Homicides in Chicago attracted national media attention early this summer when 7-year-old Heaven Sutton became the city’s 251st fatality, killed by a random bullet while operating her front-lawn candy stand on the city’s West Side. Mayor Emanuel and police superintendent Garry McCarthy blamed the growing violence on neighborhood gang factions, which they say are responsible for 80 percent of the shootings.
Gang factions are small groups that have splintered from the monolithic, often historic, crime organizations that date back decades. As many as 600 factions exist today, the Chicago Police Department says. Moreover, Chicago has surpassed Los Angeles in total gang membership and activity, crime experts say.
Much of the action that the city has taken this year has tried to take down gangs: Some 250 vacant buildings were demolished because they were considered gathering places for gangs, the police department partnered with antiviolence group CeaseFire to increase conflict mediation on the streets, and McCarthy has initiated a new system to assess turf affiliations to prevent retaliation shootings.

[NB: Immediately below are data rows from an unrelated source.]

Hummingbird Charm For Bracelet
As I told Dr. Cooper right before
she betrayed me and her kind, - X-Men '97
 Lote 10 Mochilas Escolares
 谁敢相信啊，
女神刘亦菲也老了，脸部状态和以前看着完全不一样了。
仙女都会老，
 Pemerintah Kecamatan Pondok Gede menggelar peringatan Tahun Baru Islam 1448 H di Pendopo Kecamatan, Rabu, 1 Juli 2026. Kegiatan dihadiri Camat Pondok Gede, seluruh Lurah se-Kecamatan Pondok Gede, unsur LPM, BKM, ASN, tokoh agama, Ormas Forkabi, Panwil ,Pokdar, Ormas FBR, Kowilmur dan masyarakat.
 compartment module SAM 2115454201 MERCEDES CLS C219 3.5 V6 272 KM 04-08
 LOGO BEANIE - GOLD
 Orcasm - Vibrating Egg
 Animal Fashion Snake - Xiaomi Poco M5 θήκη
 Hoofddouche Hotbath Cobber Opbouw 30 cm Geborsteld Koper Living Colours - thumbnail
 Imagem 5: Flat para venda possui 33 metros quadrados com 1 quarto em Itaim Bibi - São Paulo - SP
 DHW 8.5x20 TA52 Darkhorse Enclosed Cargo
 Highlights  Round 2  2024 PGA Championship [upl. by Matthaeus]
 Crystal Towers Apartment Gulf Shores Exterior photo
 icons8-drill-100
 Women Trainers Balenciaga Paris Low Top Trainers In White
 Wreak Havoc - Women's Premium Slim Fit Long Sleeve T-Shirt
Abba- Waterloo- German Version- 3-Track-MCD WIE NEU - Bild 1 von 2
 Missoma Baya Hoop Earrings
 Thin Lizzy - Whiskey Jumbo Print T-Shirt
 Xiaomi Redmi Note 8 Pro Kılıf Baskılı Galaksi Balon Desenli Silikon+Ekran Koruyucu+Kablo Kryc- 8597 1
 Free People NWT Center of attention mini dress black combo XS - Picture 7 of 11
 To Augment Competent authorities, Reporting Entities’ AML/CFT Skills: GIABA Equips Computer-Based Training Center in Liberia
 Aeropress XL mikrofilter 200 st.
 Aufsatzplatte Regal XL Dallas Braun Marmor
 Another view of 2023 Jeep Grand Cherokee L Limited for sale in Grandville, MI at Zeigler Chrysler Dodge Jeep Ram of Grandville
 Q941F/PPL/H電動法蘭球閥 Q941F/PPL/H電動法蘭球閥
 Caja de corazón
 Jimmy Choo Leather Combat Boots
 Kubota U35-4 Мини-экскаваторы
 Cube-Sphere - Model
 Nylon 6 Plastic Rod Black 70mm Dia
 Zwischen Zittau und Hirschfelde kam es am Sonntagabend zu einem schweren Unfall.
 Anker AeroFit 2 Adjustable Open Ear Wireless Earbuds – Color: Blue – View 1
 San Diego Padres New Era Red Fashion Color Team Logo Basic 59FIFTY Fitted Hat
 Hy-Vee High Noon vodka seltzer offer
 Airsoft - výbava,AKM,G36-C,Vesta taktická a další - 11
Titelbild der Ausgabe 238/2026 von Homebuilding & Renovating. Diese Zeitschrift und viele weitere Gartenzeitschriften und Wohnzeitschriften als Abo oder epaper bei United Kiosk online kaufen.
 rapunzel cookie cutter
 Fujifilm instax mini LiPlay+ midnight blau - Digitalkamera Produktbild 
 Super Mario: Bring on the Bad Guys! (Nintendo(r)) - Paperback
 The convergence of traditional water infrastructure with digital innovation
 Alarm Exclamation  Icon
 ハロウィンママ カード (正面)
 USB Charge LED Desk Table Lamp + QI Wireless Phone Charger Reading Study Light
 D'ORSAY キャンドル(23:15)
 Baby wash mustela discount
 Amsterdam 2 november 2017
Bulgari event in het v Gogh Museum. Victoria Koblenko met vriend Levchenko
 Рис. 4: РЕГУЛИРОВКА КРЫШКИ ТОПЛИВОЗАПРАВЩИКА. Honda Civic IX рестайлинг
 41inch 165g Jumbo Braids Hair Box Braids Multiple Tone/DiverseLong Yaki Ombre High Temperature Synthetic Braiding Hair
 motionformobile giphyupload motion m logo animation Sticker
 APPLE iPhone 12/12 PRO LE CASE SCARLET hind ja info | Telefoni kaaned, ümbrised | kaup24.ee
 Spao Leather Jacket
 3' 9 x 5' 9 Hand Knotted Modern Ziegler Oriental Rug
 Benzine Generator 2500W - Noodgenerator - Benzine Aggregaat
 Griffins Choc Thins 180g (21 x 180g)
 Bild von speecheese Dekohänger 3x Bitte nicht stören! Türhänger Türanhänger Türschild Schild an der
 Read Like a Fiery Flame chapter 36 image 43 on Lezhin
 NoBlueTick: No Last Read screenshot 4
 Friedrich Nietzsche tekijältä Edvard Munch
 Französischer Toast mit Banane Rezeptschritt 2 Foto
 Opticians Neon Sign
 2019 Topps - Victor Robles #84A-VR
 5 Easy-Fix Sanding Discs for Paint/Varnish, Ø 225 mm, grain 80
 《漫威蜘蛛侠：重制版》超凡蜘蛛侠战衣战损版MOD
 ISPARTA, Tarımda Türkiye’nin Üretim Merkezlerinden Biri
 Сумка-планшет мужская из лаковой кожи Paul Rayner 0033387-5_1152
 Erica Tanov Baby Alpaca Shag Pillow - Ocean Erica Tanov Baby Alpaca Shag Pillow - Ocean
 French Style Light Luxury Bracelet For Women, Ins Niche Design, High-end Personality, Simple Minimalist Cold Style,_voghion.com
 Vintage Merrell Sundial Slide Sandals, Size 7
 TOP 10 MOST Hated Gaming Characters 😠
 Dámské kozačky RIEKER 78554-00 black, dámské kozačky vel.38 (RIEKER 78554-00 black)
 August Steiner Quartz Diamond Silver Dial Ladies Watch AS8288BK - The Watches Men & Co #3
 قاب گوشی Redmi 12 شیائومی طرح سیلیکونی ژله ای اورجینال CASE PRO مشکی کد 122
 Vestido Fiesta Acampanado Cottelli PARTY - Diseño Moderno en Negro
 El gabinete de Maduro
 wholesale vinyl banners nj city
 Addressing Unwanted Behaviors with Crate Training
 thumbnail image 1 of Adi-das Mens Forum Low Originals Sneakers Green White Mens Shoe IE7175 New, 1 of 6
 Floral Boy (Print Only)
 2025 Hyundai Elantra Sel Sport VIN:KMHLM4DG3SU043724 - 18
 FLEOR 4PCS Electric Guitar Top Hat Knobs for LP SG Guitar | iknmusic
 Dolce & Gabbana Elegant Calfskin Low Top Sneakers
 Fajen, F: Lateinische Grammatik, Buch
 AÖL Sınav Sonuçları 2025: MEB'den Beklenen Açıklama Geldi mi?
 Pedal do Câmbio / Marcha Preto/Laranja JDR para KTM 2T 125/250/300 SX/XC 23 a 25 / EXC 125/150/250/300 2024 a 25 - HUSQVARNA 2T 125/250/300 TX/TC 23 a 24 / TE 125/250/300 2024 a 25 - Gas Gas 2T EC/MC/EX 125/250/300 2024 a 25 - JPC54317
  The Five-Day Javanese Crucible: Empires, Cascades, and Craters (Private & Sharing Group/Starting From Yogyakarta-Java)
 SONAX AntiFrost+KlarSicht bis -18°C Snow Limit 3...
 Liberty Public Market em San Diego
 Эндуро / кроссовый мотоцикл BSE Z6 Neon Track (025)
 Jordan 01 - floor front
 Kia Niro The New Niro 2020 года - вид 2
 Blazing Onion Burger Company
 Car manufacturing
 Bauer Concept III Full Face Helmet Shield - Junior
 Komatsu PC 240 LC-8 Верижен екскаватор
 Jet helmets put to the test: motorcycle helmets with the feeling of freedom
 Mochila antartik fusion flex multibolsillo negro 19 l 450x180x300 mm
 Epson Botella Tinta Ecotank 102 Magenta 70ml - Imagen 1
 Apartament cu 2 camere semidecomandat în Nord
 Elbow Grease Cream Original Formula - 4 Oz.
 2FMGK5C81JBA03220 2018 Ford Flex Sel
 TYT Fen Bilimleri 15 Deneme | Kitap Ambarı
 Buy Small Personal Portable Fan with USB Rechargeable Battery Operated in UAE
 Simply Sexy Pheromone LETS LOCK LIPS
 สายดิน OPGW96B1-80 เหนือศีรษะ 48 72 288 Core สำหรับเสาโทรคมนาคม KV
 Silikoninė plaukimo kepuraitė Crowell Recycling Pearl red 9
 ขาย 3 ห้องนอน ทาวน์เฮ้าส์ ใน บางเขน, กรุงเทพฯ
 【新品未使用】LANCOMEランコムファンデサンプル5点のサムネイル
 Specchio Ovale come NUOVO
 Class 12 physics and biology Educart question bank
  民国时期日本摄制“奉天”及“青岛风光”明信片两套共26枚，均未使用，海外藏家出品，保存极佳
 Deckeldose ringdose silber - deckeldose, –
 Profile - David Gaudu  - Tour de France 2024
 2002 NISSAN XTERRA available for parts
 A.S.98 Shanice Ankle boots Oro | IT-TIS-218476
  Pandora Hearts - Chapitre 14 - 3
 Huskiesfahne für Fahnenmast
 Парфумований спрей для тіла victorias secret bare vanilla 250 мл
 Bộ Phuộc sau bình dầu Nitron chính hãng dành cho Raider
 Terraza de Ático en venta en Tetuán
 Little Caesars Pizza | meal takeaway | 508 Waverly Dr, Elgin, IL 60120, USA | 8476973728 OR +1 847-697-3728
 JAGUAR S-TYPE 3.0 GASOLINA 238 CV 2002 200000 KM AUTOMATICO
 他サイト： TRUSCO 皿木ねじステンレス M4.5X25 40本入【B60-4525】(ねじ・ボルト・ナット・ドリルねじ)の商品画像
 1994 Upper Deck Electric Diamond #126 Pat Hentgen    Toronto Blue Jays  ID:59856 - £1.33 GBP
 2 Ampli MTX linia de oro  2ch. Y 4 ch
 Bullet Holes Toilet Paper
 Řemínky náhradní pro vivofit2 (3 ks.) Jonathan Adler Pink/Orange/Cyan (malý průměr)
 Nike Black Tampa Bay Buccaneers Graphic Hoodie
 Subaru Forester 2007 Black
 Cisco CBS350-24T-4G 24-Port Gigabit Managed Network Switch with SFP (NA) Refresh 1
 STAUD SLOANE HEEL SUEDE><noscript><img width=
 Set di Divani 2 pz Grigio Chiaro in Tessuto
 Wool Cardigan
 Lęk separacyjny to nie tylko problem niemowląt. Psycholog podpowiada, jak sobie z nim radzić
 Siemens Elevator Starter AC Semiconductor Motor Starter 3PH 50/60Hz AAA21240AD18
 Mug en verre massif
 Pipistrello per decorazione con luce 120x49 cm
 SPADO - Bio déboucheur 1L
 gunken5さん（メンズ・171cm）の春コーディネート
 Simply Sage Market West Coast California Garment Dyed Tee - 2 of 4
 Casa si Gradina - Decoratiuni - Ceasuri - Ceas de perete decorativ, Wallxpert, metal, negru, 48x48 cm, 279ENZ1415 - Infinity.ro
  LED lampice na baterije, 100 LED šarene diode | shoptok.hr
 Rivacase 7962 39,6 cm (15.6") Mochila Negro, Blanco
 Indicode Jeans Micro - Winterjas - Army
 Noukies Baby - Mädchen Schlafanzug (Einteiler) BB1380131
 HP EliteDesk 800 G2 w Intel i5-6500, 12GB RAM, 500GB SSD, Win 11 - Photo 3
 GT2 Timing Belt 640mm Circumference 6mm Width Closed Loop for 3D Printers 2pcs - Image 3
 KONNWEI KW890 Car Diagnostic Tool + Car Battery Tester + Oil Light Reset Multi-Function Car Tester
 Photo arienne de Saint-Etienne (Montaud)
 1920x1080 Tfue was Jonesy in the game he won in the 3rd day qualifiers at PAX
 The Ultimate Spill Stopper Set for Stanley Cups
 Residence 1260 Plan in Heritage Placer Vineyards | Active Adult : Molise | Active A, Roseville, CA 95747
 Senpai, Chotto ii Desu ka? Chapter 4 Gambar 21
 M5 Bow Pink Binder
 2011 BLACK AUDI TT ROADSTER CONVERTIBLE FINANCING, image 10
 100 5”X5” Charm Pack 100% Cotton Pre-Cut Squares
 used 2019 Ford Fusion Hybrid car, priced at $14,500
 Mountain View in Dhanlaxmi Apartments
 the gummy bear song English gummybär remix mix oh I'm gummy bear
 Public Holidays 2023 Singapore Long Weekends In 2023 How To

However, focusing solely on gangs is misguided, says Mr. Williams, among others who study crime. He says the shootings are often random, interpersonal, or petty.
“Guns are definitely a problem; gangs, absolutely not,” he says. “These are kids who, over the last 10 years or so, have been extremely marginalized, and this is their response to that marginalization. They feel stuck with a lot of rage. They can clearly see people in other neighborhoods making a lot of progress and being mobile, but they feel stuck in their communities and feel afraid. And because they have easy access to guns, it’s a form of desperation.”